Title: Psychosocial Support for Syrian/Iraqi Refugees and Internally Displaced People
Commissioned by: German Federal Ministry for Economic Cooperation and Development (BMZ)
Country: Jordan, Lebanon, Iraq, Turkey, Syria
Overall term: 2015 to 2022



Despite the largely military victory over the so-called Islamic State group (IS), there is still no political solution in Syria. The civilian population is bearing the brunt of the suffering. Around 400,000 people have lost their lives, and about two million have been injured. More than six million Syrians are internally displaced and a further 5.6 million have taken refuge in neighbouring countries. The host countries often have to contend with enormous challenges of their own. This results in a precarious economic, social and health situation for those seeking refuge.

The situation in Iraq also continues to be fraught – the country is facing the challenge of economic and social reconstruction, particularly in the large city of Mosul. Under IS rule, demoralisation set in and religious polarisation increased – factors must be taken into account in long-term reconstruction.

Many Syrians and Iraqis have experienced physical violence, the loss of relatives and other human rights violations in the course of displacement, and all of this has had an impact on their mental health and social wellbeing. The limited capacities of state and civil society and the lack of well-trained personnel make it difficult for people to come to terms with what they have experienced. Interaction between professionals is often limited and consequently their activities are not always sufficiently well coordinated. A case in point here is that not all actors follow the common principles for work in the area of Mental Health and Psychosocial Support (MHPSS) for refugees.


The level of psychosocial care for refugees in the Middle East has been improved.
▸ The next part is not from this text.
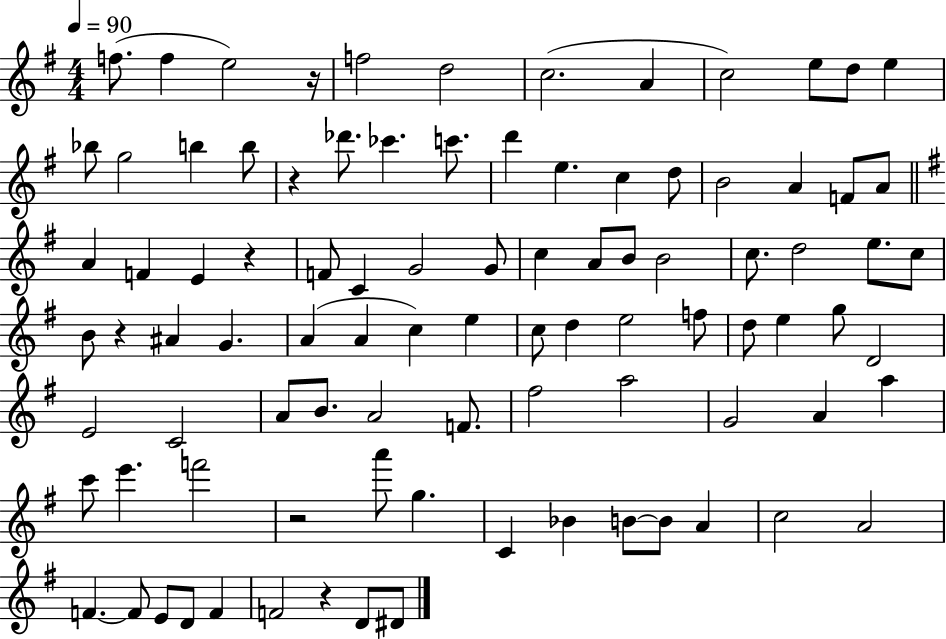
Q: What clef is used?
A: treble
Working in cooperation with state and civil society agencies in Germany and in the local region, the project improves psychosocial support for refugees and internally displaced persons (IDPs) in the Middle East. It promotes the institutionalisation of MHPSS approaches by helping projects in the area of education to create an awareness among teachers for the issues involved in work with traumatised children, for example. The project also facilitates exchange between relevant actors and strengthens expertise on the ground. To achieve these aims, the project is developing common principles, supporting the implementation of these principles, and fostering cooperation between projects that offer psychosocial support for refugees and IDPs in the region. Another focal area is the development of local MHPSS skills with the aim of establishing needs-based services on a sound footing.


In cooperation with partners, the project has developed a context-specific and gender-sensitive guidance framework on MHPSS for the crises in Syria and Iraq. This document contains information on how psychosocial approaches can be integrated into other areas of development cooperation and what good MHPSS practice looks like. The German Government presented this paper at the 2019 Brussels Conference on Syria.

Papers on capacity development in the area of MHPSS and on psychosocial support for the survivors of sexual violence have also been prepared together with partners.

The project has financed and/or organised around 30 professional exchanges, study trips and workshops in Germany and the Middle East that have enabled over 800 persons to discuss issues relating to psychosocial support.

The project is working with a team of researchers to develop an employee welfare approach for local MHPSS personnel.


To provide a better overview of MHPSS services in the project countries and avoid duplication, the project has financed a web application that MHPSS actors can use to list their activities for all users in a transparent manner.

The project is supporting other GIZ projects and civil society initiatives that wish to integrate these psychosocial approaches into their work in areas such as employment promotion for refugees.